BAKERSFIELD, CA - The public has spoken. The Centennial Plaza bricks and tiles are staying in front of Rabobank Arena.
Bakersfield officials had said the personalized surfaces would have to go. They called them a safety risk causing the city to get sued. But a week of public outcry later, they've changed their tune.
This is all headed to the Bakersfield City Council to discuss the options and listen to what the public wants. And, Councilman Terry Maxwell feels that's what should have happened from the beginning.
"I want to be involved with this. I expect to be called and asked my opinion on these type of things. It's what I got elected for," said Maxwell.
The engraved surfaces are in Maxwell's ward and seemed doomed just a week ago. That's when the City Manager's office announced plans to remove them due to wear, and pour concrete in front of Rabobank instead. They are plans Maxwell says he wasn't aware of.
"Well it comes to a question of what purpose does the City Council have and these types of decisions should be left to the City Council," said Maxwell.
"I can tell you this was a six month long evaluation and we looked at it first and foremost from a safety perspective. We've had a handful of claims related to trip and falls at the arena," said Chris Huot, Assistant to the Bakersfield City Manager.

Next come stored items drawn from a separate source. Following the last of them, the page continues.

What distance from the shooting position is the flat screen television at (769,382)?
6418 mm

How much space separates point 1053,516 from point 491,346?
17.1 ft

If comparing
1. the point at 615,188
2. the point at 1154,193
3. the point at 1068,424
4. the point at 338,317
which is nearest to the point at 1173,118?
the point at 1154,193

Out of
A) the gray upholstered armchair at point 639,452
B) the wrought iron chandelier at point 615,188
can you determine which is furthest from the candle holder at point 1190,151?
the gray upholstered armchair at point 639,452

"I was really curious to see what was going to happen. I knew there would be a huge outcry," said Terry Walker, who bought a brick.
Walker is one of hundreds who bought a brick in 1998 to help create the Centennial Plaza. His was for his parents.

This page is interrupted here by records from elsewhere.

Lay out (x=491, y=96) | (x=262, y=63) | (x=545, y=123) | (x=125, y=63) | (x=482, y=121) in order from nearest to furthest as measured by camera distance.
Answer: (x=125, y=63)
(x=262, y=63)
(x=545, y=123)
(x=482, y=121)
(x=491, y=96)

"And now that they are passed, it means a lot more to me. It's a way to remember them and their life," said Walker.
Like Walker, the bricks were personal for many. And many who bought them took removing them personally. They let the city know, even creating a Facebook page hoping to save the bricks. A week later, it worked.

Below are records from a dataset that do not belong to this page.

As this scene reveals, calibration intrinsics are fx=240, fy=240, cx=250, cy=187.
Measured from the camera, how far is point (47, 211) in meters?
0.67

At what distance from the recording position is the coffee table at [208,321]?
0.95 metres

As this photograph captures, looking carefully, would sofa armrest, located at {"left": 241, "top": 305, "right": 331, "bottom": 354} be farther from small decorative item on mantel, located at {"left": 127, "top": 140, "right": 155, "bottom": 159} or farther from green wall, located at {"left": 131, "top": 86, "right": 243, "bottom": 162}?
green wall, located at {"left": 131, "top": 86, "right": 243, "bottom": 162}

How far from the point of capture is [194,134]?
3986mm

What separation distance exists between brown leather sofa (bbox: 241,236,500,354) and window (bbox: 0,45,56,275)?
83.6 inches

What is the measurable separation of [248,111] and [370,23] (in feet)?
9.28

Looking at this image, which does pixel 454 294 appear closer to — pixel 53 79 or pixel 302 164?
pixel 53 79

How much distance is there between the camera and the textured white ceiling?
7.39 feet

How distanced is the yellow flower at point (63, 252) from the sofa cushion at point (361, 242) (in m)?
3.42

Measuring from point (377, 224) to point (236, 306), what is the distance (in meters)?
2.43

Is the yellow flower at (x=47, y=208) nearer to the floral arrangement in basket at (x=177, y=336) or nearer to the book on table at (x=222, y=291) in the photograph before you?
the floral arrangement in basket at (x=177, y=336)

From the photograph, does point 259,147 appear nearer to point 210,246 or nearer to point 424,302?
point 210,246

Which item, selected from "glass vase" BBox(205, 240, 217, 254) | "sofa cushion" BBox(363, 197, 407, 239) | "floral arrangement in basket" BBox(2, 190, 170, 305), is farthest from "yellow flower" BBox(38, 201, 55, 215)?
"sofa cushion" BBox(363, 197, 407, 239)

"The ultimate goal is to find a solution that retains those that have been memorialized and at the same time creating a safe environment," said Huot.
"This is what a community is all about. To an important issue and to get this kind of response, it sends a clear message," said Maxwell.
At the City Council meeting August 13th, council members will hear their options. While keeping the bricks and tiles where they are and fixing them is an option, another idea could be creating a memorial wall out of them in front of Rabobank. The public will have a chance to weigh in.